INSTANT PLACES : CANADA CODE : 2009/2010
GENERATIVE PROGRAM :: INSTALLATION :: VIDEO SAMPLES
The installation computer generates widescreen images and accompanying five-point surround sound compositions. Each sequence begins in silence with the screen faded to black. The program chooses at random four images and a sound file from a database of images and sounds we recorded across Canada, and begins the generating process: sounds and images fade up, are transformed over a two-minute sequence, and fade back down to prepare for a new sequence.
As the sequences exist only as the output of processes that occur in the moment of generation the viewer experiences a series of audiovisual events that have never happened before and will never happen again
.

Video

The source for the video transforms is over 2000 still images we recorded at locations across Canada. The program chooses four images to transform over each two-minute sequence. It looks for areas of light and dark and specific colours within the images; these areas become windows that reveal underlying image layers as the sequence unfolds.

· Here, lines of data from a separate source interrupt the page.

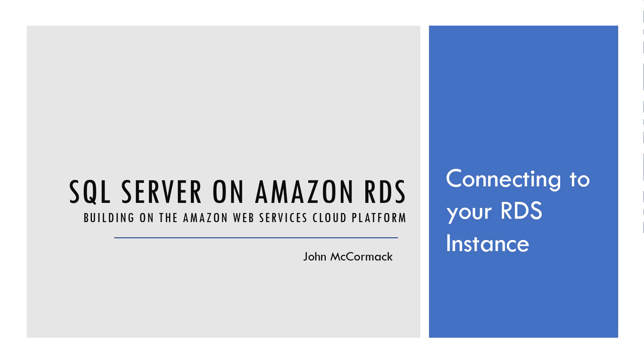Hi everyone and welcome back to this series, SQL Server on Amazon RDS. This is just a very quick video connecting to your RDS instance. So let's jump straight into the action.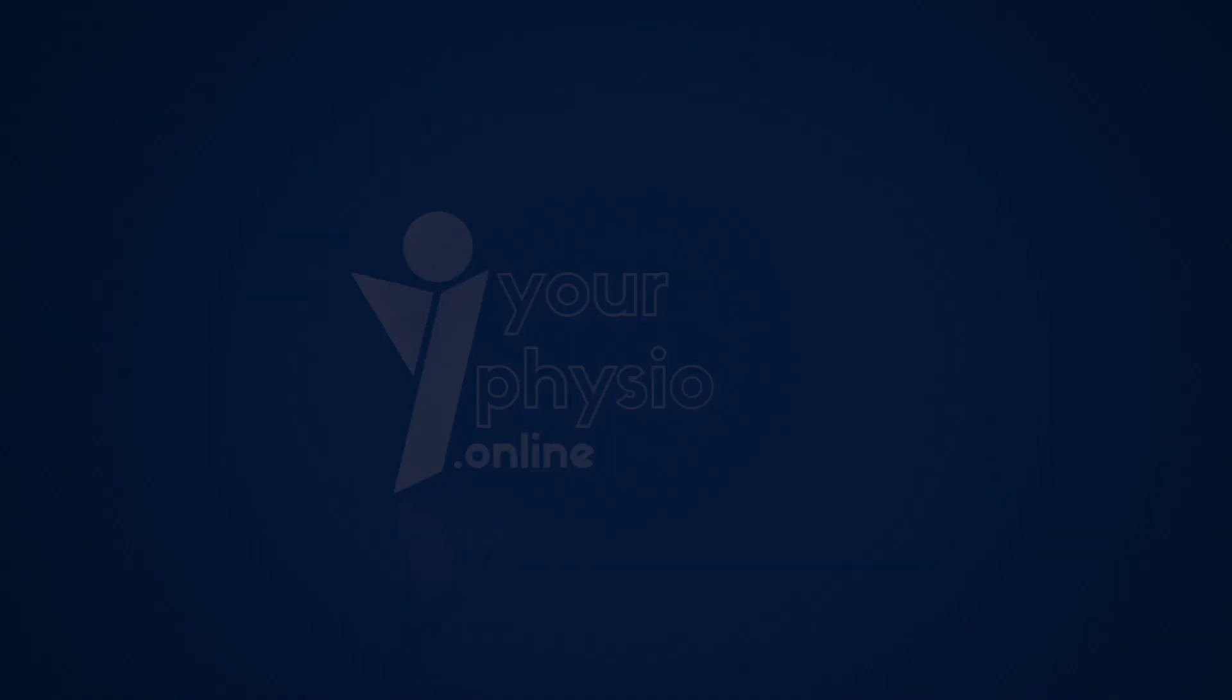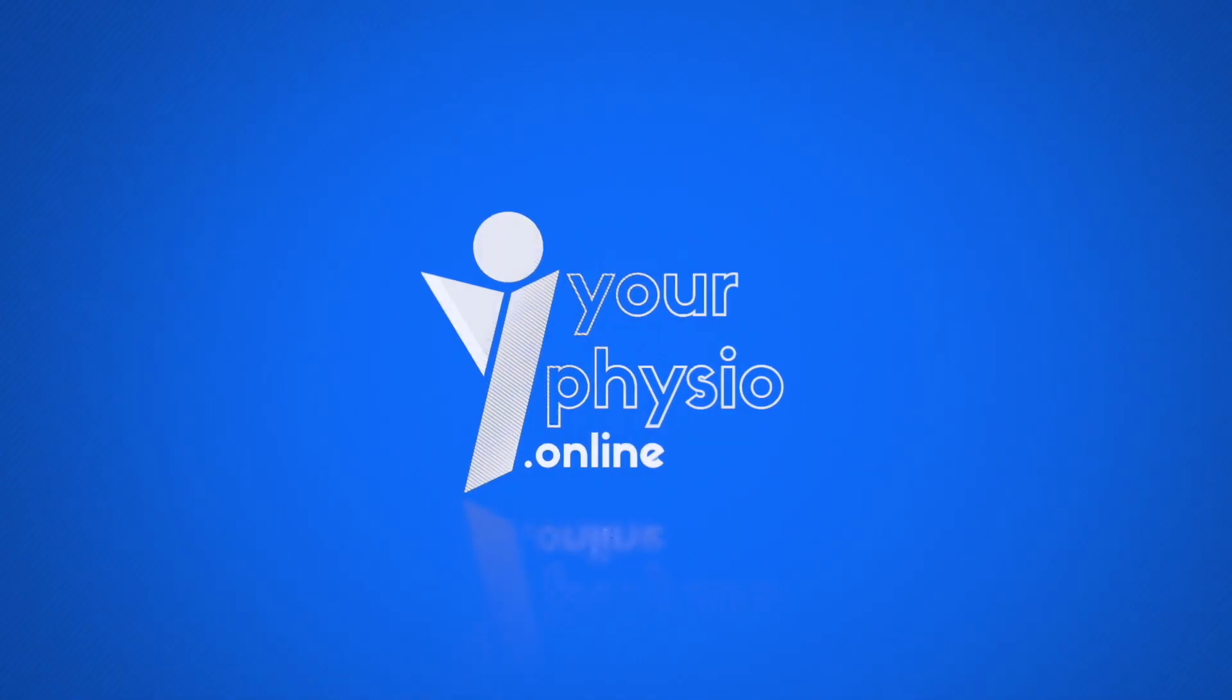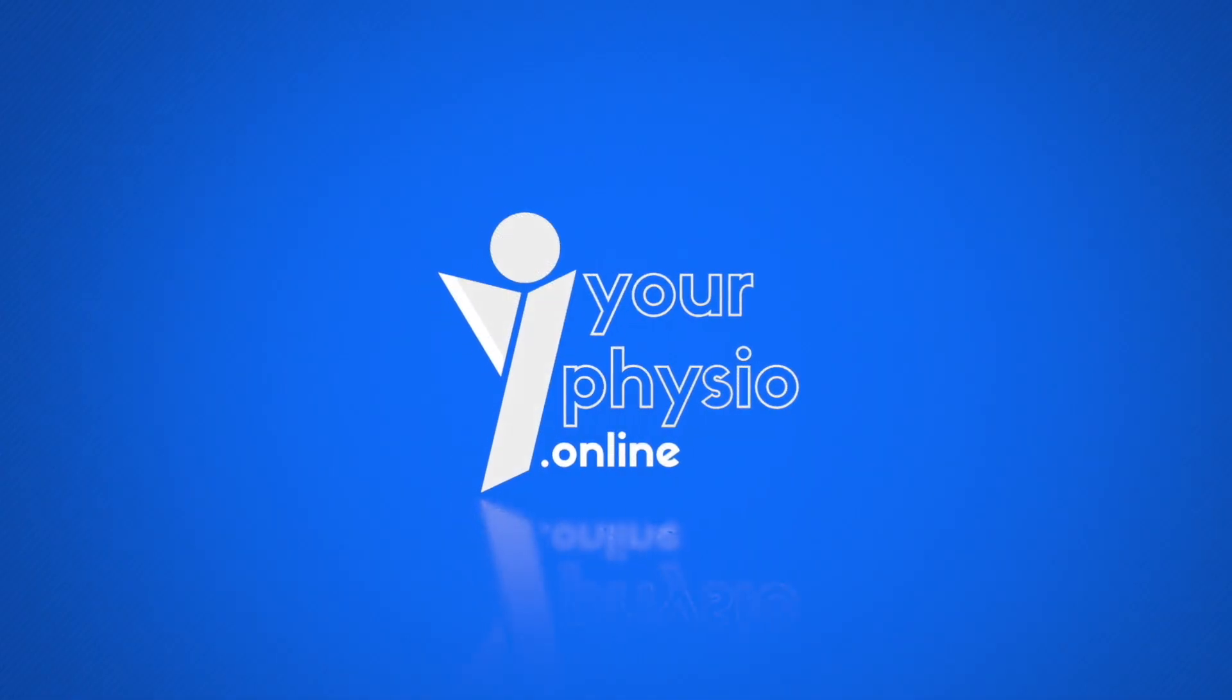Today I'll discuss why you get stiffer when you get older or don't move that often. Hi and welcome to yourphysio.online. To answer this question, we need to understand what our normal tissue consists of.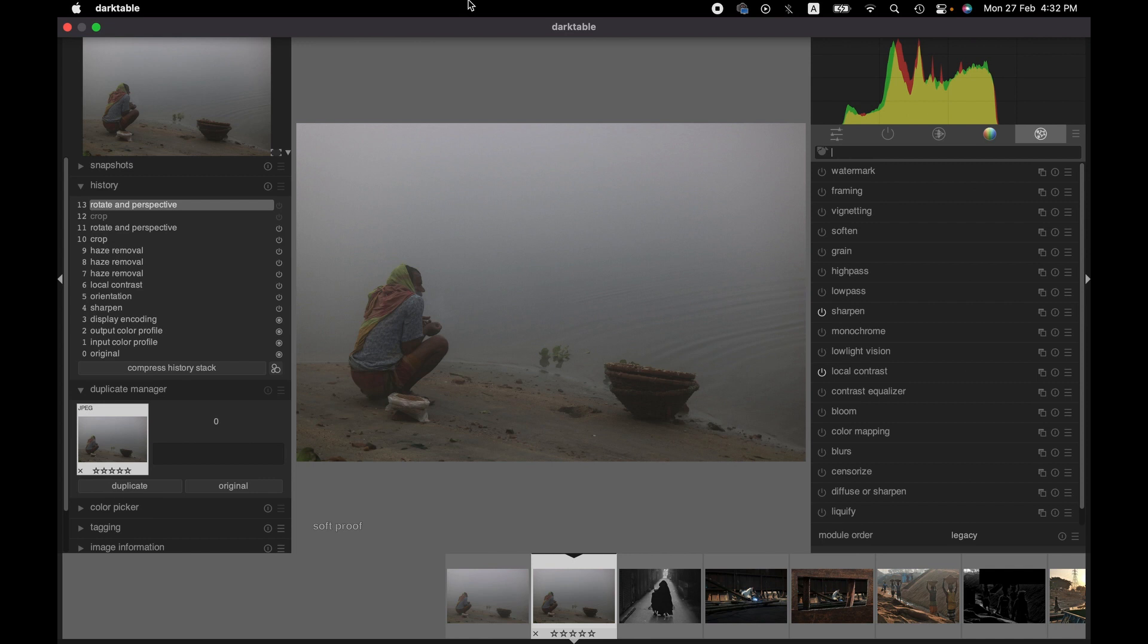This tutorial is very basic and might be helpful for beginners in darktable. In this tutorial, I'm going to show you how to crop an image properly and also how to work with the perspective.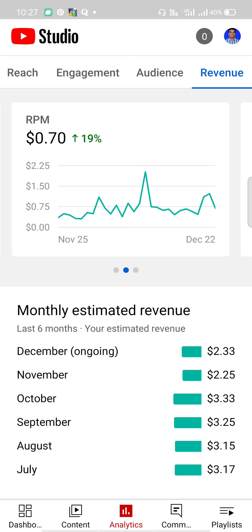For YouTube channels it is $5 to $10 for millions of subscribers and millions of users that are available. RPM is the creator side and CPM is the advertiser side.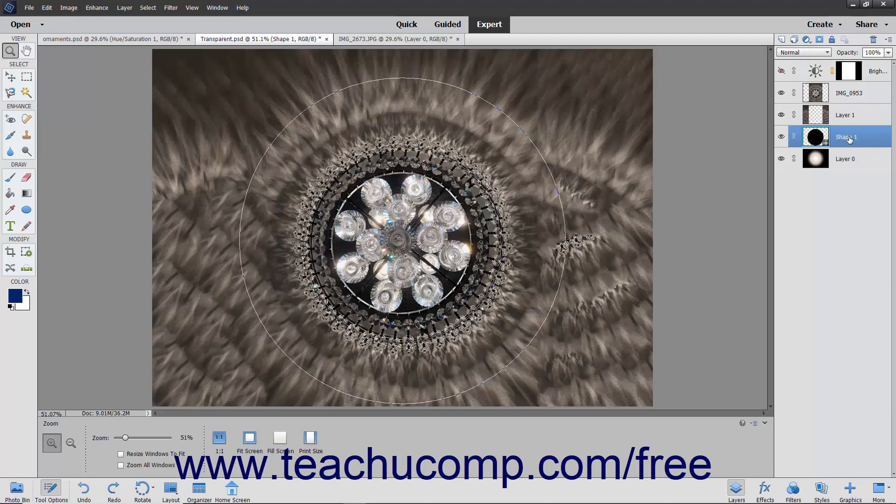In a clipping group, the name of the base layer is underlined and the thumbnail for the overlying layer appears indented. The top layers will also show the clipping group icon, which is a picture of a layer with a small bent arrow pointing downward.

None of those four images will be chosen again until all 2000 have appeared in a sequence. In the continuously running program it takes about three days for a specific image to appear again.

Audio

Many of the source sounds are recordings of musical instruments we found at locations across Canada:
— a pennywhistle played in WW II concrete bunker in St Johns
— a piano in a living room Northwest River Labrador
— an antique zither found in Smithers BC

The location recordings were transformed during performances across at artist run centres, libraries, and schools across Canada, as well as a three-hour live to air performance on community FM radio in the Jean Talon neighbourhood in Montreal.

We recorded these performances and edited them into audio files around four minutes in length. The computer program chooses at random one of these sound files and a starting place within the file, and creates the surround sound score for a sequence by reworking about 14 seconds of the audio over the two-minute sequence.